At the request of the Government, the Lieutenant Governor has acted to bring the current session of the Ontario Legislature to an end for a short period of time.
This act, called prorogation (i.e. holding back to a later time), is a suspension of the Legislature, as opposed to a dissolution which would terminate the Legislature. Unfinished business (public and private bills and related motions) dies, unless carried over to the next session. Bills which were on the Orders and Notices Paper at prorogation can be reinstated, and this normally happens at the start of a new session of the Legislature, through unanimous adoption of a motion to that effect, after notice and debate. Bills are normally reinstated at the same stage and in the same order as existed at prorogation.

In the current prorogation scenario, the Government passed a motion last summer stipulating that, in the case of prorogation, Government bills (not private members’ public bills such as Bills 198 & 237) remaining on the Orders and Notices Paper be continued and placed on the Orders and Notices Paper of the second sessional day of the Second Session of the 39th Parliament, at the same stage of business as at the time of prorogation.

Normally, at prorogation, all committees cease to sit and committee membership lapses. However, the June 3, 2009 Government motion authorized specific committees to continue to meet and release reports during specific times in the period between the First and Second session of the 39th Parliament.

After prorogation, the House does not sit until it has been called back into session by the Lieutenant Governor. The new session of the House begins with a Throne Speech, which outlines the government’s new priorities and legislative program.

AMO views this prorogation of the Provincial Legislature positively, because a Throne Speech provides an opportunity for the Government to revisit its agenda and policy objectives under current circumstances, to reassess priorities and develop new initiatives to respond to emerging issues. A Throne Speech goes a long way to informing the work  of non-profit associations such as AMO, in advocating on behalf of member interests and can provide some potential insight into the theme and sub-themes of an upcoming budget.
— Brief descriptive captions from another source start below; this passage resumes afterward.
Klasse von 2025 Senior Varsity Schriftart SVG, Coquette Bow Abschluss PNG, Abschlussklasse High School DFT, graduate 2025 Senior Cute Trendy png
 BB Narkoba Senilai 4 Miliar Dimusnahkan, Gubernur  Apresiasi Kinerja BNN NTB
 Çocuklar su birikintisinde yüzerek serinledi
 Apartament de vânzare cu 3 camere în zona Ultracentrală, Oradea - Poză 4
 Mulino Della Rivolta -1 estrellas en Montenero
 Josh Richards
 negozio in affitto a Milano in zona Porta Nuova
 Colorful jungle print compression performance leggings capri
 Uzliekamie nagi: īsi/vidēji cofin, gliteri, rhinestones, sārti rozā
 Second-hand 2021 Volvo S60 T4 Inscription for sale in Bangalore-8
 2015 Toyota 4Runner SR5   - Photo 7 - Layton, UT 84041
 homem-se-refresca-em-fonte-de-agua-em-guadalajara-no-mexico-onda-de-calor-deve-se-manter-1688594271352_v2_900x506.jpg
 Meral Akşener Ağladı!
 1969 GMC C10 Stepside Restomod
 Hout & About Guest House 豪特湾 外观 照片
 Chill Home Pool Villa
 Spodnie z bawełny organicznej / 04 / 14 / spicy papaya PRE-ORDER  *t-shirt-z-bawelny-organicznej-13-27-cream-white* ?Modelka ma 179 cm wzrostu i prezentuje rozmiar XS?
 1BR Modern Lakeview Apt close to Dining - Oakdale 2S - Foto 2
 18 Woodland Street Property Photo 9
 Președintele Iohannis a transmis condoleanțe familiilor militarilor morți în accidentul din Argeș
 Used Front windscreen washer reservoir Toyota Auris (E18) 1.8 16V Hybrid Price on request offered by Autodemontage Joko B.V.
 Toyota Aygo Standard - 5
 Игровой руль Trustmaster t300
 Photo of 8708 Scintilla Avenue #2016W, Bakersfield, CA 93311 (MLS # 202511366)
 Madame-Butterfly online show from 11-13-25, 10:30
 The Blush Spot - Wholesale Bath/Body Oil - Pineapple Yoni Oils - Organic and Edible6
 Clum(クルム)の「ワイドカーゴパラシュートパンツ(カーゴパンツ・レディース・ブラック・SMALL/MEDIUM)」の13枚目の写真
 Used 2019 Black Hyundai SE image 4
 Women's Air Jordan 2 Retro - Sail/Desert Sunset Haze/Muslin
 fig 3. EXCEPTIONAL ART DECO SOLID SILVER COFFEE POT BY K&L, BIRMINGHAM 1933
As an example, with all the changes to the housing side of the Ministry of Municipal Affairs and Housing, we will be interested to see if the affordable housing strategy makes the Throne Speech as well as re-confirming the partnership with AMO and its membership on the Provincial-Municipal Fiscal and Service Delivery Review. We will also be watching on the status of Bill 236, an Act to amend the Pension Benefits Act, which was introduced on December 9, 2009, as a first phase of pension reform. Bill 236, as it currently stands, has significant financial impacts on the OMERS Plan and costs therefore to employers and employees, arising from the proposed grow-in provisions. A Throne Speech presents an opportunity for the Government, in this instance, to outline what other pension policy initiatives it will bring forward and the timing and scope of implementing legislation.

The Legislature is scheduled to be recalled on March 8th.